El espacio base que funciona como marco pertenece a Nuevo México, a fines de la década del ochenta del siglo pasado. La caída del muro de Berlín se cuela por un viejo televisor mientras Jackie entrena sus músculos. El mundo parece un lugar horrible donde la dureza infligida a los cuerpos es proporcionalmente inversa al dolor que llevan adentro. Pero hay otro dolor que es a base de golpes literales. El principal destinatario es el cuñado de Lou, un tipo desdeñable que maltrata al borde de la muerte a su mujer, incapaz de dejarlo. Ese tormento tendrá su contrapartida en una escena bizarra que roza el gore y descubre un lugar secreto, una grieta en medio del desierto que aportará otras claves argumentales. Si uno de los primeros planos de la película mostraba a Lou destapando un inodoro, ahora deberá lidiar con otra clase de excrementos físicos y emocionales.
No obstante, como si lo anterior no alcanzara para ofrecer una buena sopa de diversos ingredientes, toda la secuencia final incluye licencias que, en una primera mirada, podrían entenderse como un atentado a la propia película. Sin embargo, por la misma lógica demencial a la que asistimos, la cosa funciona, y funciona porque ya se nos ha preparado previamente a corrernos de los lugares seguros, a dinamitar modalidades genéricas y a no desestimar toques de surrealismo mezclados con la suciedad de varias pesadillas del mejor cine americano de los años sesenta y setenta. La película también trata de la obsesión, de esa pulsión que tira hacia adelante a cualquier precio. Algo ya se veía en Saint Maud (2019), en la persistencia de su protagonista por salvar el alma de una paciente moribunda. Los caminos de la fe y la religión son reemplazados acá por oscuras carreteras con estos personajes que prácticamente se precipitan hacia adelante, a puro vértigo.
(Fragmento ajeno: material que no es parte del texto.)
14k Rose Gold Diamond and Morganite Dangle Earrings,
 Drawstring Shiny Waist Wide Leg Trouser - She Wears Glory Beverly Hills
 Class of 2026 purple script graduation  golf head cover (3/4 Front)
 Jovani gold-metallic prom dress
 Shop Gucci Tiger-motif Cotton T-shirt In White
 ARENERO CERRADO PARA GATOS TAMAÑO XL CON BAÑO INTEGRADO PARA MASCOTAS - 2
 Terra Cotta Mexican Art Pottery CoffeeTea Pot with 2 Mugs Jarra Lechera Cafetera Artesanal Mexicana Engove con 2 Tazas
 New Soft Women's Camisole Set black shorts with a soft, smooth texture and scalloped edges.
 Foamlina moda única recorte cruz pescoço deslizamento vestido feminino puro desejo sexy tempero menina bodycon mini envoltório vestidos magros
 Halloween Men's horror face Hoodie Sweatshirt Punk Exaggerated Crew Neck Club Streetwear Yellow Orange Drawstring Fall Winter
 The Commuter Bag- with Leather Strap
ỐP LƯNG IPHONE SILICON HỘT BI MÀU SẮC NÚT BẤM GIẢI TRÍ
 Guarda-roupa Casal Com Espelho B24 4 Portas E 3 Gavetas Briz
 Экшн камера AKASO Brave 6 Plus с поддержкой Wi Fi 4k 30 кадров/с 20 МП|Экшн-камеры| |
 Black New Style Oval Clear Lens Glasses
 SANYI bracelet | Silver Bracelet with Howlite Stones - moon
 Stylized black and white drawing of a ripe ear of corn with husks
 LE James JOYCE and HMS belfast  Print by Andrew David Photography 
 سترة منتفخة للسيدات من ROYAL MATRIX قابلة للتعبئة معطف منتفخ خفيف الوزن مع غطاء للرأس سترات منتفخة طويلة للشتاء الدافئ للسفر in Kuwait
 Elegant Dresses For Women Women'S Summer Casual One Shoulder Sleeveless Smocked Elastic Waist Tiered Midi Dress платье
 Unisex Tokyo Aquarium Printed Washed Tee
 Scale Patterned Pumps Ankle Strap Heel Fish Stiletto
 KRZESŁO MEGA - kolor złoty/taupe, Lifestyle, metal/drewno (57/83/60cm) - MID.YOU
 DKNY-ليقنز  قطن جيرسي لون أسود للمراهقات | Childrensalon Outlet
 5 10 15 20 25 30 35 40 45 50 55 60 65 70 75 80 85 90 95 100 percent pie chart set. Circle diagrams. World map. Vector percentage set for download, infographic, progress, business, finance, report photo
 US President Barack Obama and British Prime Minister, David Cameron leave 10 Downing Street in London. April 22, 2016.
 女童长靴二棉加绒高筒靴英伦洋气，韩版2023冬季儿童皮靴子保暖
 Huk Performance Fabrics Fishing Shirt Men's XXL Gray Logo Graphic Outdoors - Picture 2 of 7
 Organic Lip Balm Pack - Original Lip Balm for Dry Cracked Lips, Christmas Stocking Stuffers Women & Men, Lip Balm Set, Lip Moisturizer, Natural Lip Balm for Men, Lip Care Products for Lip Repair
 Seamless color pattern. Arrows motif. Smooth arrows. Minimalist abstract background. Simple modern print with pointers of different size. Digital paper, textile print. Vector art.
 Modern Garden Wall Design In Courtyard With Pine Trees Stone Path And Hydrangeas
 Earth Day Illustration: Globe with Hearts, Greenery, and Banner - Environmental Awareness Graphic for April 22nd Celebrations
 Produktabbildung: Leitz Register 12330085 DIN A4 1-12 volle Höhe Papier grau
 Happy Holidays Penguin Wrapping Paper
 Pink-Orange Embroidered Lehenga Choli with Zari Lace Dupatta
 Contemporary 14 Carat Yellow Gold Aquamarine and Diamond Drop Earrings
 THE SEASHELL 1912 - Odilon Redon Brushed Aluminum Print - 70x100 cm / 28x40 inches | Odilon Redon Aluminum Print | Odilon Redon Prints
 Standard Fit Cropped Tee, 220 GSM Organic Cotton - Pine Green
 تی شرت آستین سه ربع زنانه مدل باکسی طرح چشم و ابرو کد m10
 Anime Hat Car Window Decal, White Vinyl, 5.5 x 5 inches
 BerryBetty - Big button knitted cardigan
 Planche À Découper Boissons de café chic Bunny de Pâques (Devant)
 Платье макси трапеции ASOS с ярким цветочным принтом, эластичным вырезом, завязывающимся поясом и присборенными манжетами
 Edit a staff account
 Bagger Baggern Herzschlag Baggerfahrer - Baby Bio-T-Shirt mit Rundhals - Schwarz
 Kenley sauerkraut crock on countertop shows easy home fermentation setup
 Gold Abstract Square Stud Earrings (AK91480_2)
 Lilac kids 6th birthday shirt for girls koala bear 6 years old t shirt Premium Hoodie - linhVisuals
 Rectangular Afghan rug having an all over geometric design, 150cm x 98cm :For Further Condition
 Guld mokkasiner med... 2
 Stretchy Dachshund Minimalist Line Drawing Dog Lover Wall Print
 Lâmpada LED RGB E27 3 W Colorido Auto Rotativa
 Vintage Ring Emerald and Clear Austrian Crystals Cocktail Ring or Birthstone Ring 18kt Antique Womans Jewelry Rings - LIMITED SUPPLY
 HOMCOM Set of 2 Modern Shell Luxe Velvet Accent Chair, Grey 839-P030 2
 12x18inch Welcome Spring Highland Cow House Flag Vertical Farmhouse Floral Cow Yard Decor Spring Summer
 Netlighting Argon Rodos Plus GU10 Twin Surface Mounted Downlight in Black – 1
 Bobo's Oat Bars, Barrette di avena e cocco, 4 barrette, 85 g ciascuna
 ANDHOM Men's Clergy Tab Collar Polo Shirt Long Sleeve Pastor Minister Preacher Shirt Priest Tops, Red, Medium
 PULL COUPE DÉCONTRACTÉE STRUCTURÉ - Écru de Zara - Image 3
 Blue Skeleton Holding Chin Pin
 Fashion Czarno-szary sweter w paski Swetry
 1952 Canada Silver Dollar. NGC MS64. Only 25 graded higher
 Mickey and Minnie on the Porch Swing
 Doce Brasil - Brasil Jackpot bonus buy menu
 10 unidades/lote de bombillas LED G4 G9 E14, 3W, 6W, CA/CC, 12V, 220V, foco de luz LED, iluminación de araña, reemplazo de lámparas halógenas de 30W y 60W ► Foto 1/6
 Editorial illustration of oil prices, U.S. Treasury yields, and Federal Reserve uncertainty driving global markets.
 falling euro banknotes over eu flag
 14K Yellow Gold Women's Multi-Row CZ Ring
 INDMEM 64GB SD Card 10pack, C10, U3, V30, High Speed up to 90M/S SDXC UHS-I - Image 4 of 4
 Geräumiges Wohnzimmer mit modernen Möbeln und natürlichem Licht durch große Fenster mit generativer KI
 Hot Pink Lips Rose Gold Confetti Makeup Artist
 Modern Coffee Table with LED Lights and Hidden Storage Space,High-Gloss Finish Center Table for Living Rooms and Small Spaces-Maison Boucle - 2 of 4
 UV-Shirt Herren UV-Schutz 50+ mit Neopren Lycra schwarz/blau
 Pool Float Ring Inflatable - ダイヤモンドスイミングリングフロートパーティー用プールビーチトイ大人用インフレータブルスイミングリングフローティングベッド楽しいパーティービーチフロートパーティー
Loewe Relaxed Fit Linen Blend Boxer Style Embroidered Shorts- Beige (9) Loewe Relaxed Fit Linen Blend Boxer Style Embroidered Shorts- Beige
Como un desafío a cualquier intento de encasillamiento, la película transita momentos de amor físico, una respuesta ácida a los thrillers eróticos y a la sensualidad comercial de hitos ochentosos como Nueve semanas y media (Adrian Lyne, 1986), momentos de súper acción, de terror y con guiños a un público actual contaminado por la tetosterona de la Marvel. Por último, cabe destacar la banda sonora de Clint Mansell, quien, a base de sintetizadores también recupera las zonas musicales de un cine pensado para estimular, que se hace cargo de su actitud berreta, de sus golpes de efecto y de un sentido gráfico de la violencia. Más que nunca, para clavarse en una butaca y quedar preso o presa de la más pura materialidad que nos puede dar el arte cinematográfico, sin rendición de cuentas, sin culpa y rescatando los poderes y la autonomía de una ficción que avanza libremente. Éxtasis corporal, terror corporal. El celuloide también es cuerpo para entregarse al goce.